THE DATA —
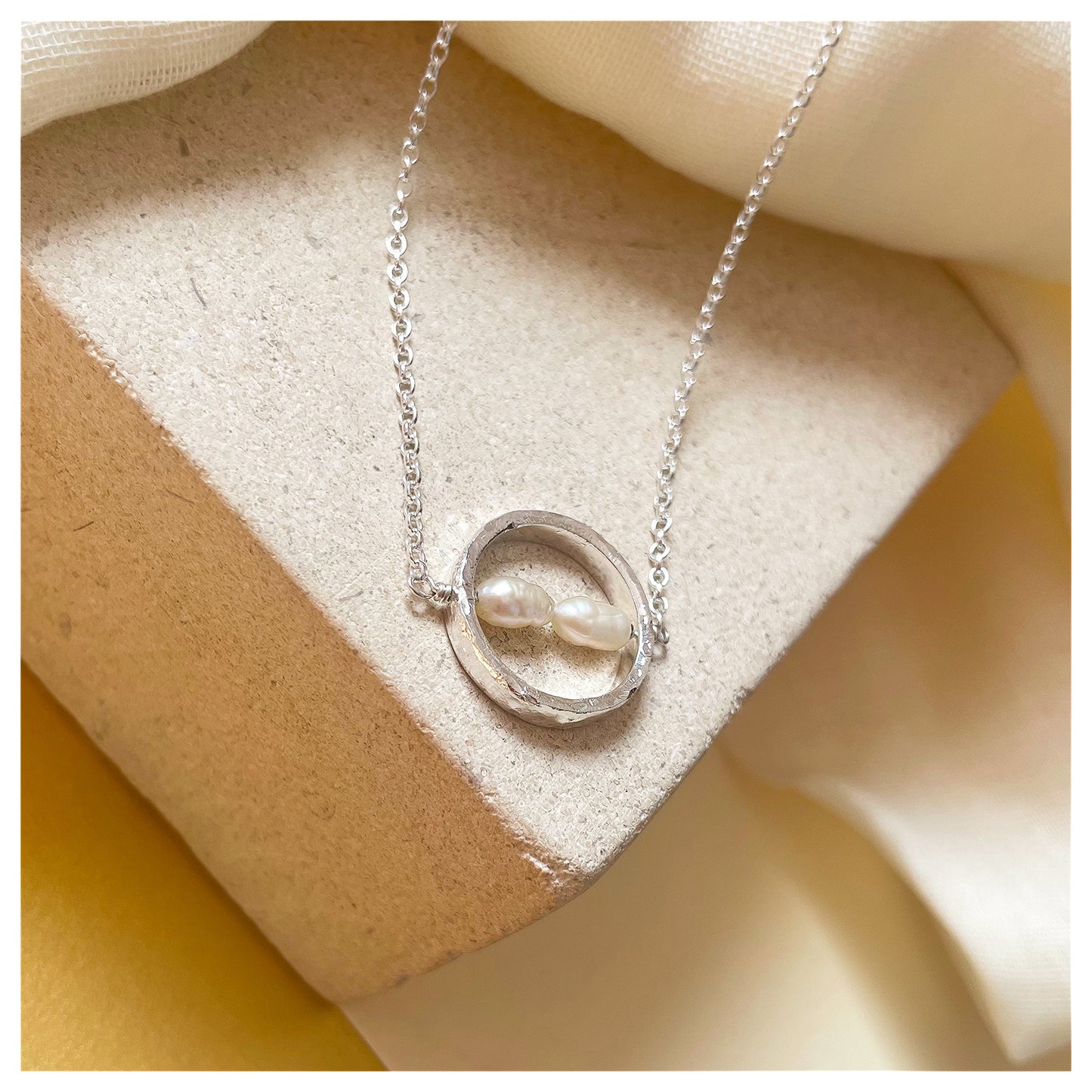 Sterling Silver Textured Circle Bar Pendant Necklace with Freshwater Rice Pearls.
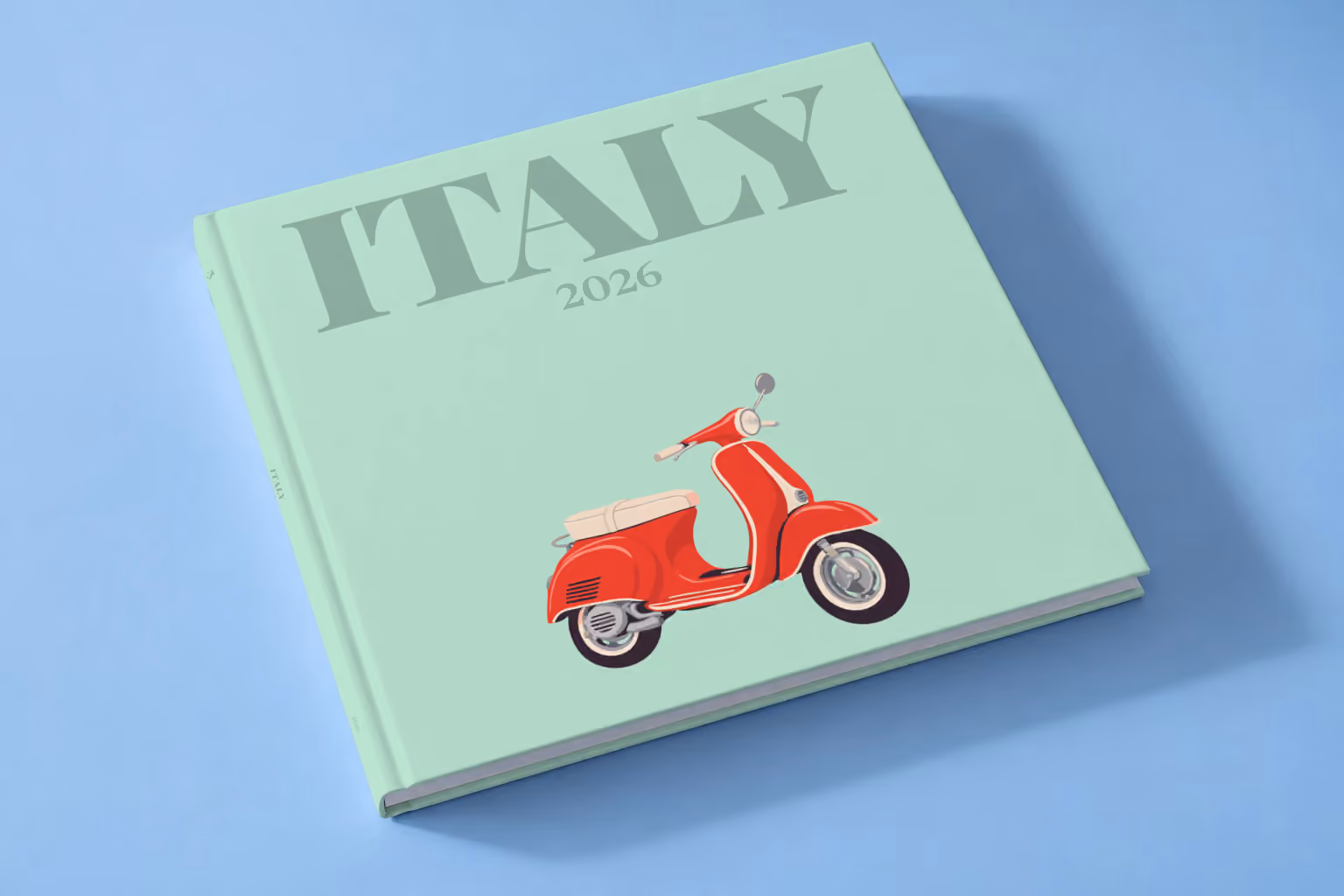 Italy square hardcover photo book with the illustrated cover of a red Vespa scooter on mint green, lying on a pale blue studio backdrop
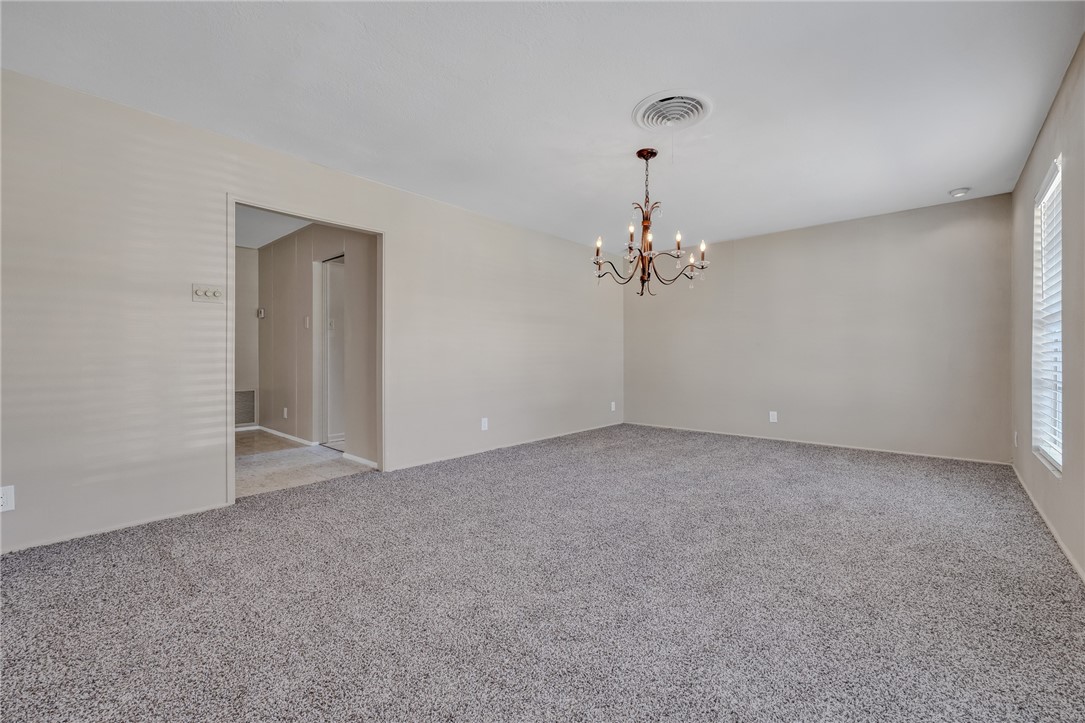3401 Floyd Street Corpus Christi, TX 78411 - Photo 5 of 39 a view of a chandelier and a chandelier fan in big room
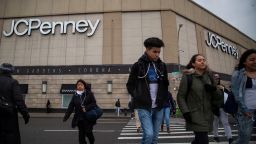 Pedestrians walk past a JC Penney Co. store at the Queens Center Mall in the Queens borough of New York, U.S., on Thursday, Feb. 25, 2016. JC Penney Co. is scheduled to release earnings figures on February 26. Photographer: Michael Nagle/Bloomberg via Getty Images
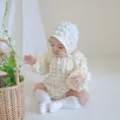 Infant waffle knit baby romper detail shot, soft newborn bodysuit with cute matching bonnet. - One Size / Hat / Apricot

TASK DETAILS —
Although pictures appear among the entries, please set down only the lines from the one with "Italy square hardcover" up to and including the one with "3401 Floyd Street", word for word.

SOLUTION TO THE PROBLEM —
 Italy square hardcover photo book with the illustrated cover of a red Vespa scooter on mint green, lying on a pale blue studio backdrop
3401 Floyd Street Corpus Christi, TX 78411 - Photo 5 of 39 a view of a chandelier and a chandelier fan in big room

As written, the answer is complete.